5th-century Bishop of Thapsus

Vigilius of Thapsus (before 484) also known as Vigilius Tapsensis, Vigilius Afer, or Vergil of Tapso, was a 5th-century Bishop of Thapsus in the province Byzacium, in what is now Tunisia, and as well as a theological writer and polemicist.

After the Synod of 484, he was probably banished by the Vandal king Huneric, who supported Arianism, for his Trinitarian beliefs, along with other Catholics. He may have fled to Constantinople.

==Works==

He wrote one treatise, Adversus Nestorium et Eutychem Libri quinque pro defesione Synodi Chalcedonensis, often shortened to simply Contra Eutychetem, in five volumes, according to the Dictionary of Christian Biography and Literature.

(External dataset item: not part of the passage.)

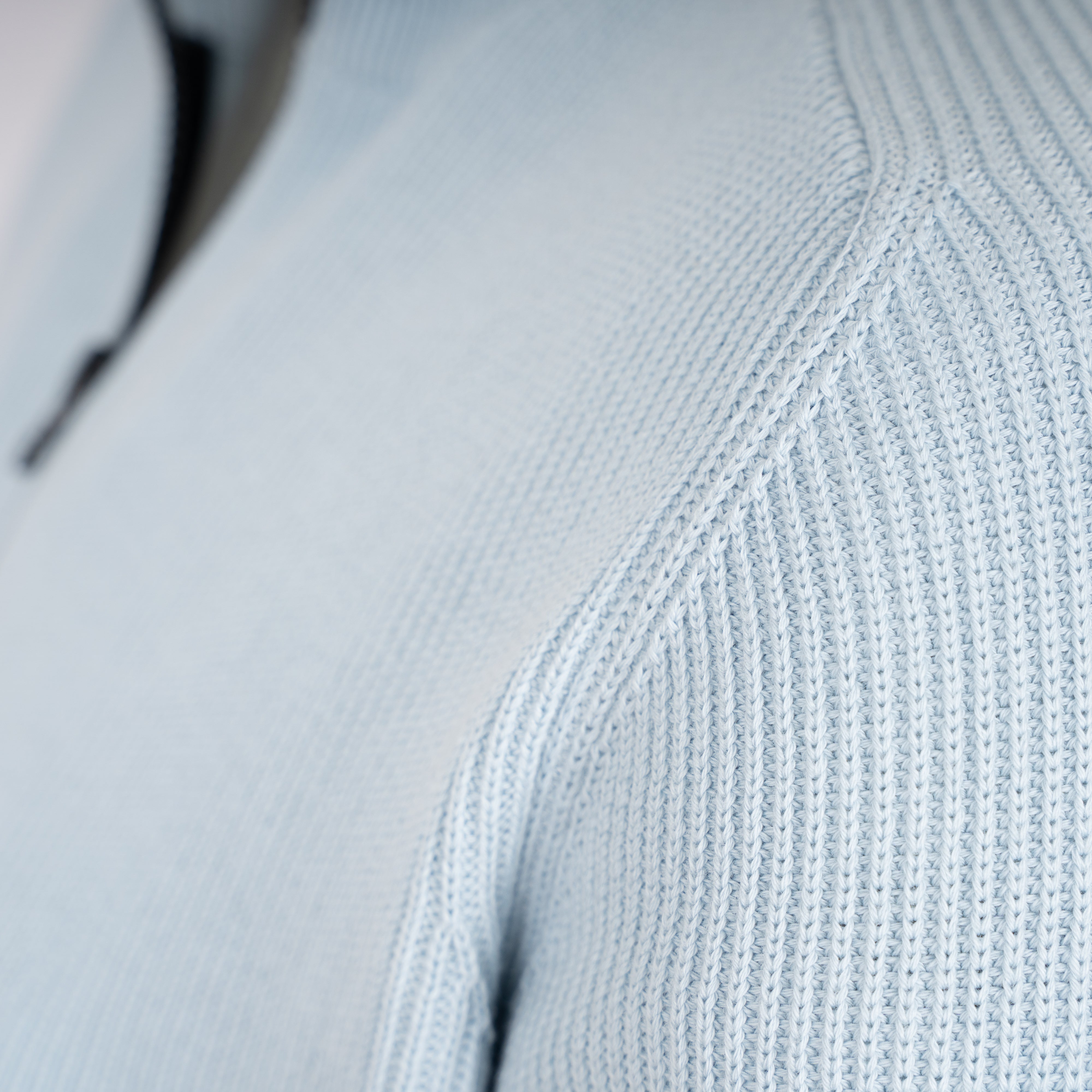 Stone Island Gebreide Trui met Rits Lichtblauw | Soft Organic Cotton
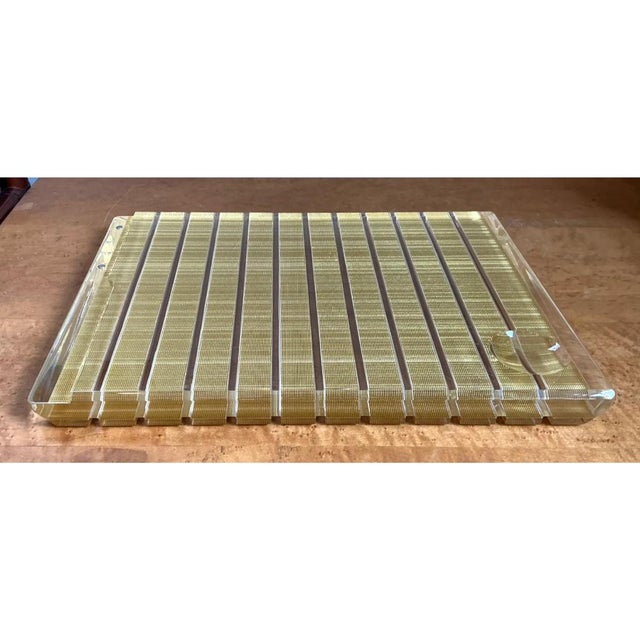 Vintage Lucite Decorative Serving Tray For Sale In West Palm - Image 6 of 12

It provides a summary of the arguments against Eutychianism and defends Chalcedonian Christianity.

The Catholic Encyclopedia attributes another work to him, a series of dialogues: (Note: William Ramsay, in the Dictionary of Greek and Roman Biography and Mythology, states that the dialogues are two separate works, Altercatio sub nomine Athanasii adversus Arium and Altercationes tres, and notes that the former is often included in the corpus of Athanasius.) Contra Arianos, Sabellianos, et Photinianos; Athanasio, Ario, Sabellio, Photino et Probo judice, interlocutoribus. The dialog takes the form of a fictional debate among Arius, Sabellius, Photinus and a judge, Probus.

Other dialogues and treatises are said to be written by him; these include works often attributed to other authors (including Hydatius, Ambrose, and Augustine), possibly due to controversy. The following is a partial list:
- Contra Felicianum, de Unitate Trinitatis, ad Optatum
- Altercatio sub nomine Athanasii adversus Arium
- De Trinitate (Note: According to Smith, Jean-Jacques Chifflet attributed the work to Vigilius; later scholars have attributed the twelfth book of the work to Augustine and the first eight to Idacius.)